What is new about Software-Defined Access?

Traditional networks had clear physical structures such as routers, switches and cables. With Software-Defined Access (SDA), these structures disappear into a cloud.

Falko is an architect in the Network & Mobility team and he remembers the networks of the past. He asks himself: What is actually new about Software-Defined Access?

Falko: I still have the diagram of my first network hanging above me in my office. There are routers, switches and lots of lines where I can see how the data flows. There are firewalls, a WAN router and dedicated lines to the locations. At some point, these leased lines were replaced by an MPLS provider. Then it was just a cloud. When I look at the network diagrams today, there are only clouds: services, users, mobile devices and, of course, the Internet.

The introduction of SDN

Everything changed with the introduction of Software-Defined Networking (SDN). Like everyone else, I had to forget everything I had learnt about networks and start from scratch. What exactly is Software-Defined Networking? As soon as I set up a VLAN, it’s already software-defined. So let’s take a closer look at the cloud.

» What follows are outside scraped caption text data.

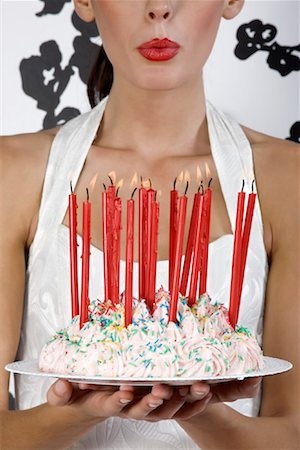 simsearch:600-02461257,k - Woman Blowing Out Candles on Birthday Cake Stock Photo - Rights-Managed, Code: 700-01880497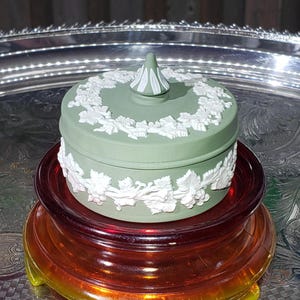 May include: A small, round, sage green trinket box with a white floral relief design. The lid has a conical finial. The box sits on a layered, amber-coloured glass stand, against a silver tray background.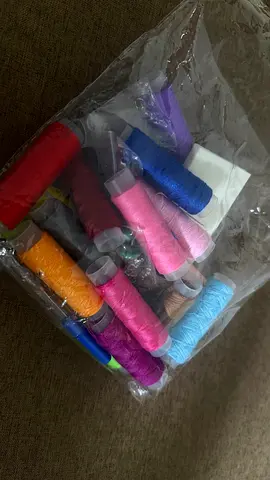 Pack of assorted colorful sewing threads (multiple spools) - unused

There are still gateways in this cloud, which are now called Border. They are responsible for connecting to other clouds and they speak BGP (Border Gateway Protocol, first mentioned in RFC1654, 1994). This is the almighty internet protocol that all providers use to talk to each other and that works well.

But in my cloud there are many routers that have many connections to each other and speak IS-IS (first mentioned in ISO/IEC 10589, 1992). An intelligent routing protocol that always finds the shortest path to my destination. This reminds me of an article by Manay Bhatia, who explains why IS-IS is favoured by service providers over OSPF (Open Shortest Path First).

The data plane is realised with VXLAN (first mentioned in RFC7348, 2014). We turn our network upside down and transport layer 2 via layer 3 (according to the OSI Modell). Of course, all segmentation information is kept.

The role of virtual networks and network access control

But there are so many clients that belong to different groups and need to be separated from each other. I think of my MPLS provider, who of course didn’t build a separate network for us, but simply provided us with a VRF on their MPLS network. This also explains the technology behind the virtual networks, which is now called macro segmentation.

A network access control is still missing to assign the clients to these virtual networks. Such 802.1X projects (IEEE 802.1X, 2001 / first mentioned in RFC2058, 1997) have kept me busy since my first days at work. They also made it possible for me to dial into the Internet with my modem in the 1990s. But today we talk about micro-segmentation and use group tags to always label the packets that go through the network with the identity of the sender. The concept of TrustSec was first proposed by Cisco in 2007. It was so groundbreaking that other manufacturers jumped on board and adapted it.

To sum up, there is still a lot to learn, but in the end I didn’t discover anything new. At most that the individual instruments now play together in an orchestra and in the end it becomes a symphony. But it works and that’s why I can sleep peacefully.